Rogers, former women’s marathon world record holder Jacqueline Hansen, and CGA and Princeton cross country and track star Alex Banfich ’08 conducted a special 45-minute question-and-answer session for camp attendees Monday evening.
Hansen, who was also a 1984 Olympic Marathon qualifier, said she was fortunate that she worked with an “old school” coach who believed in interval training and cycling workouts based on the seasons. He also emphasized that his runners always train on grass or dirt trails to avoid injuries. “We never ran on cement,” she said.
Both Banfich and Hansen emphasized eating a balanced diet in moderation. Making proper food choices based on when you are racing or training is wise, but there is “no one diet” that will work for every runner.

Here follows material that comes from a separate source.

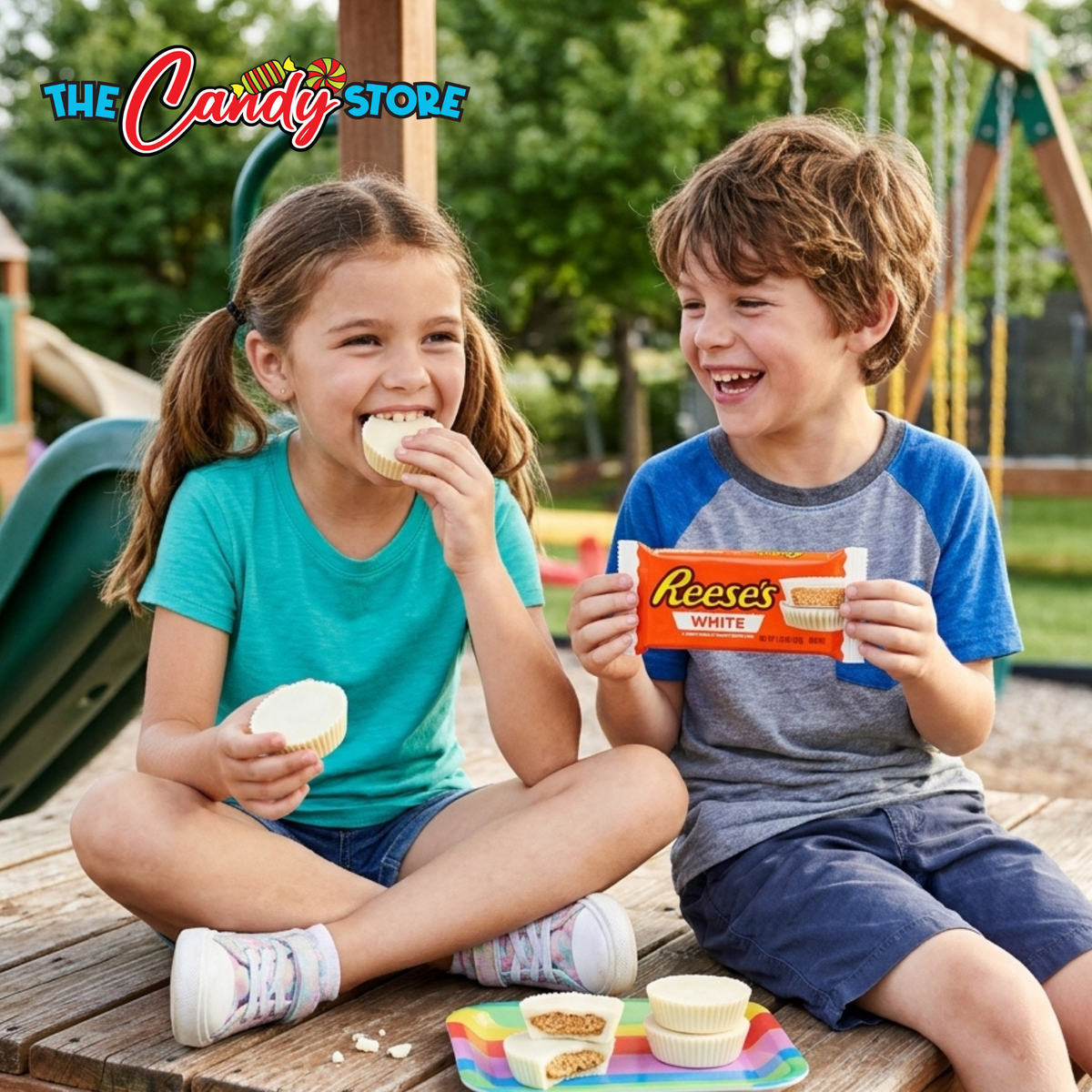 Two children sitting on a wooden playground bench outdoors, eating cupcakes and holding Reese's White Chocolate Dip packages. The scene is set in a park-like environment with trees and playground equipment in the background.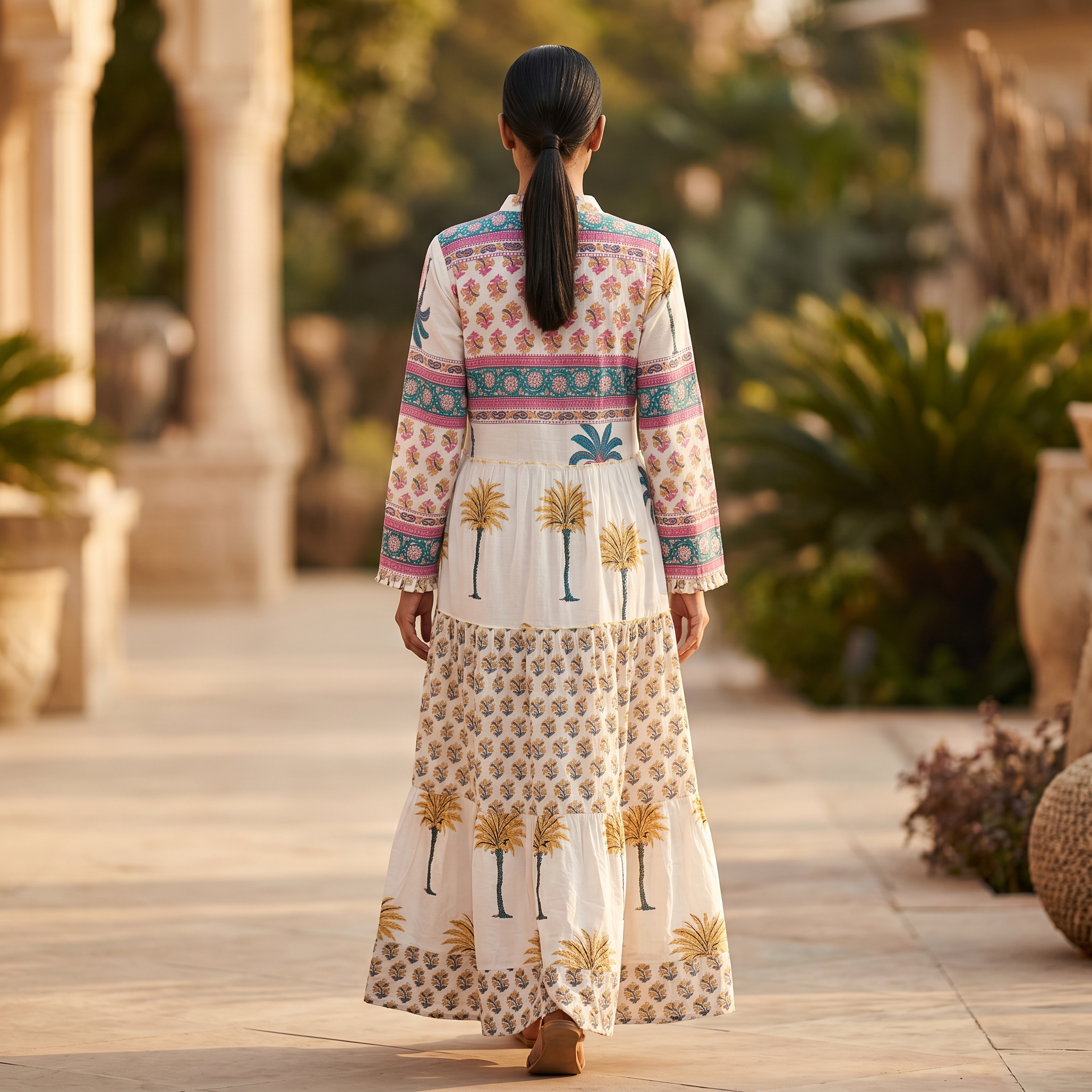 L-XL Afifa Printed Cotton Dress 57" Long Jalabiya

You need more calories, not less. But they must be quality calories.
Hansen added that anorexia is prevalent among distance runners because of the misconception that “you will run faster if you are lighter.” It may be true for the short term but it will quickly catch up with them. “You need more calories, not less,” she said. “But they must be quality calories.”
The ideal is to stay “stay strong, not thin,” Banfich said.
All three discussed the ups-and-downs of their careers and how they handled injuries. Banfich told the runners they need to listen to their bodies. Easing back on mileage and going with softer practices allows the body time to heal, she said. She had a serious injury following her senior cross country season at Princeton, she said. It wiped out her final track season. She got through that time thanks to her teammates. It also made her rethink how she could help others while on the sidelines.
Rogers added that most runners will find themselves out of running as some point in their careers, whether it is due to injury or disappointment. “We all quit at some time,” he said. That is when friends and teammates can offer that much-needed support.
Hansen reminded everyone they will develop a “love-hate relationship” with running. “You can do your homework, do everything right, and the race will still go all wrong.”
But it is the physical motion of running that keeps them going – even Hansen, who now runs in a pool to reduce the impact on her arthritic knees. “My day revolves around my workout,” she said.
And while she doesn’t run competitively any longer, Banfich said staying mentally in touch with the movement of her body while she runs “is what keeps me going.”